2) Has anyone been able to work out a way of "screeding" the stuff to a virtually level finish, by perhaps hitting it at just the right time with the Scraper, which was perhaps first dipped into a can of Turps beforehand?... :Confused:  
Any more thoughts about handling the stuff would be greatly appreciated. For what it's worth, I'm probably going to use a 50:50 mix of some of the normal stuff that I've got lying around, added to a small new can of the more "flexible" variety that you can buy now.   
By the way, the two little dots that you can see in the middle of each hole are Screws that have been partially driven into small pieces of Ply that I have used as backing-patches to close up the back of each hole in order to enable practical filling with the Bog. You drive the Screws (by only a centimetre or so) into the Ply, and then cut the Ply to the widest size that will fit into the hole. When you can _just_ get the Patch in and out of the hole, you run a bead of Construction Adhesive down the face of the Patch at each end, slip it into the hole, and then pull it forward (with a little bit of wriggling to spread out the glue) against the back face of the VJ boards. The next day, the adhesive should be dry enough to tolerate removal of the Screws.

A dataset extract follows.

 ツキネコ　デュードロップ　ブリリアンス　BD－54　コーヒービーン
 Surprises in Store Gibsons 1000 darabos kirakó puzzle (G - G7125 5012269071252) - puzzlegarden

Bog away... 
Many Thanks,
Batpig.

----------


## Master Splinter

A plastic cutting board from your local cheap kitchen supplies place.  Find the greasy-feeling PVC ones, which are a 'low surface energy' plastic, so you have to work hard to make things stick.  You can use it for mixing and for smoothing it out in the hole.  Leftovers generally peel off or flake off when the board is flexed. 
Don't try to use turps as a smoothing aid - all it will do is make it into a yukky sticky mess.  Acetone/enamel thinner is the solvent for it, but it's easier to overfill and smooth off with a surform rasp about 30-45 minutes after initial mixing (set, but still green and soft) 
However...note that builders bog doesn't really stick to timber all that well, so it's good you've added the screws.  If you want to really overdo it, use thickened epoxy instead and it'll be stronger than the rest of the wall!

----------


## rrobor

How about fibreglass. My thoughts were fibreglass left low then finish the top with something like cornice adhesive so you could work the beading lines in.

----------


## an3_bolt

Just at a quick guess the amount of bog you will need and for the best result - it could actually end up cheaper and quicker to replace the timber lining boards as required. 
The builders bog is a type of polyester resin - cleans up best with acetone.  
The alternative bog mentioned is to use epoxy with micro balloons - forms a thick paste. This stuff is good for 1000 km/hr, sandable and non-shrinking. 
Hint for bogs - Use some disposable gloves ($8 for the big pack at Woolies) - keeps hands clean and can just rip them off as they get dirty and put on a new pair. 
By the way - I blew up a science lab plumbing system with acetone.....it is highly flammable stuff. :Eek:

----------


## cherub65

Could also use expanding foam to fill cavity, (don't go to wild with the stuff bit at a time)
Scrap back when hard then use Bog

----------


## Batpig

Dear Gents, 
Thanks very much for all of your advice.  
MasterS - I've got some Thinners lying around here in a can somewhere, so I'll give them a whirl. Greasy-Feel Cutting-Board - great idea!  :2thumbsup:  
Rob and Cherub - Novel ideas both, but I don't have any fibreglass or expanding foam on hand, whereas I do have some B-bog sitting on the shelf. 
An3 - Yes, interesting thought. But the way the wall has been built (ie. a single skin of VJ Boards), and the fact that I've already redone the Shower Recess on the other side, would make this virtually impossible. You see, the extent of the Rot only started to become evident when I began belting Clouts through the Cement Sheeting for the Bath/Shower on the other side of the wall...  _However_... It would definitely be possible to instead simply fix a skin of VJ-look MDF Panelling over the front of the whole wall (if I could find some with the grooves set roughly the right distance apart...) 
So, can anyone suggest a reason why I couldn't just glue and screw some panelling straight on to the face of the current wall (ie. without any added battens...) ?  :Confused:  
Many Thanks,
Batpig.

----------


## rrobor

Good idea as long as the top rail covers it

----------


## Compleat Amateu

Crikey, the manufacturers of buyilder's bog must be lying awake at night dreaming of such a customer! 
Surely it is going to be a dog's breakfast, and replacing the whole lining (gyprock on the outside?) is a less labour-intensive approach?  There just has to be a better way!

----------


## Bleedin Thumb

I would be tempted to use plaster base coat to fill them. But as CA says above...its not that hard to reline it.

----------


## Batpig

Thanks Gents - I am most certainly going to have a close look at the VJ-look panelling during an impending visit to the BigB... :Wink:  
Best Wishes,
Batpig.

----------


## cherub65

> Thanks Gents - I am most certainly going to have a close look at the VJ-look panelling during an impending visit to the BigB....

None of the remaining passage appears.